DATA PROVIDED:
------

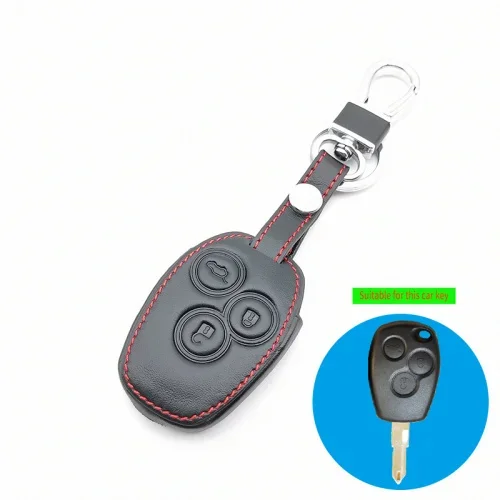 Кожаный чехол для ключа автомобиля Renault Dacia Logan Sandero Clio Kangoo Master Trafic, 3-кнопочный пульт дистанционного управления, защитный чехол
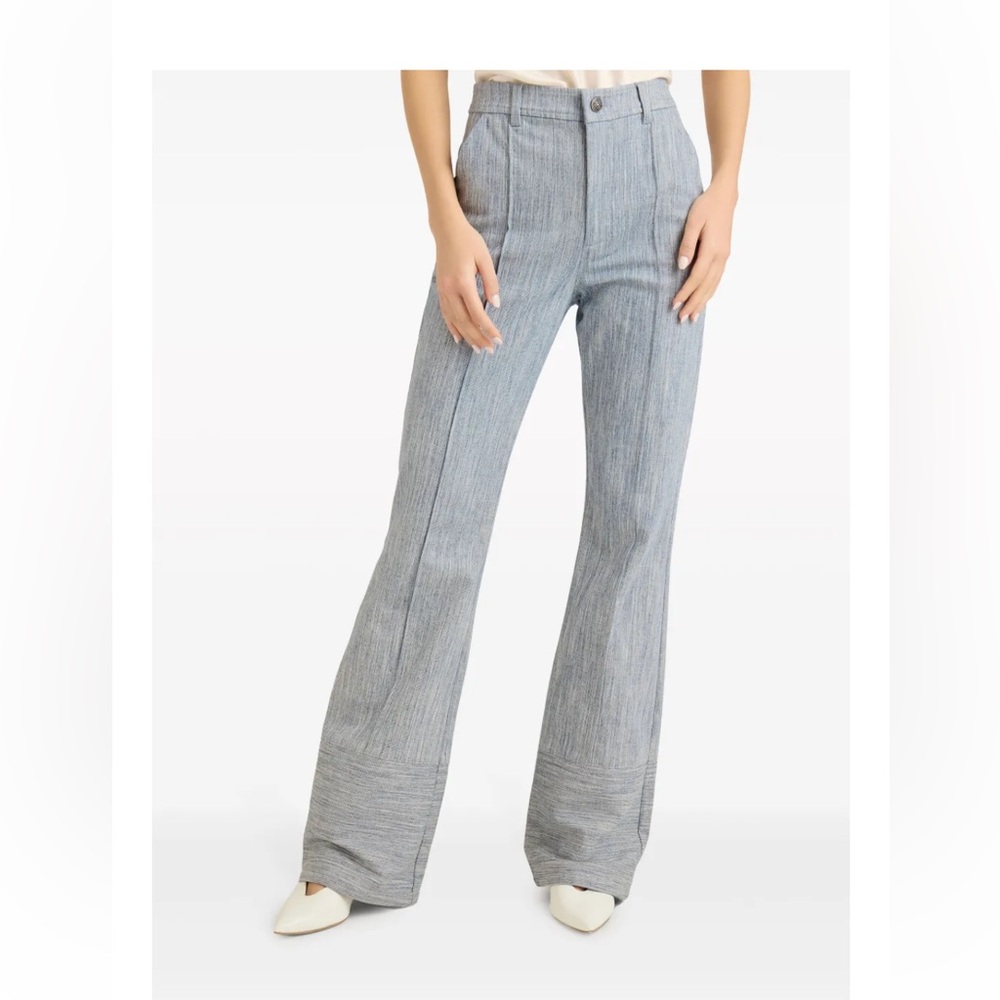 Cinq à Sept Evelyn Pintucked Flare Leg Denim Pants Womens Sz 2 NWOT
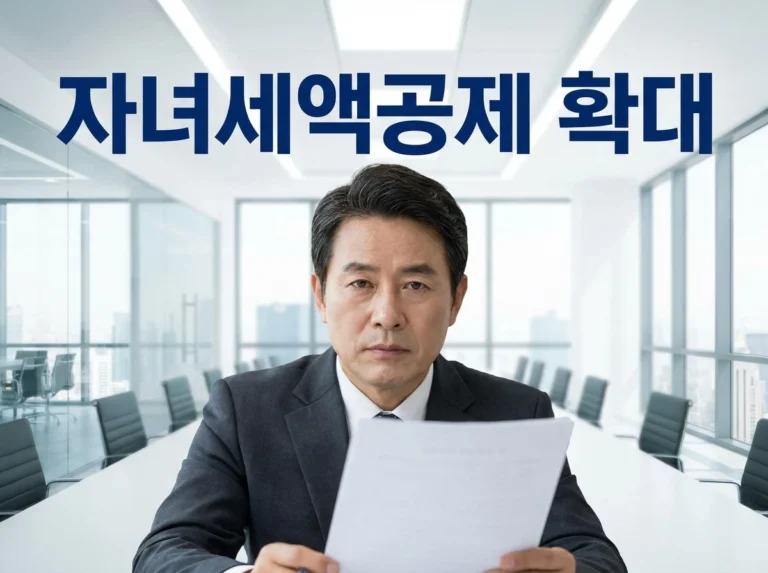 자녀세액공제 확대 정리: 첫째, 둘째, 셋째 공제금액 비교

------

EXERCISE GOAL: In the copy, include no pictures; everything else in the material should be written out exactly.

WRITTEN ANSWER:
 Кожаный чехол для ключа автомобиля Renault Dacia Logan Sandero Clio Kangoo Master Trafic, 3-кнопочный пульт дистанционного управления, защитный чехол
 Cinq à Sept Evelyn Pintucked Flare Leg Denim Pants Womens Sz 2 NWOT
 자녀세액공제 확대 정리: 첫째, 둘째, 셋째 공제금액 비교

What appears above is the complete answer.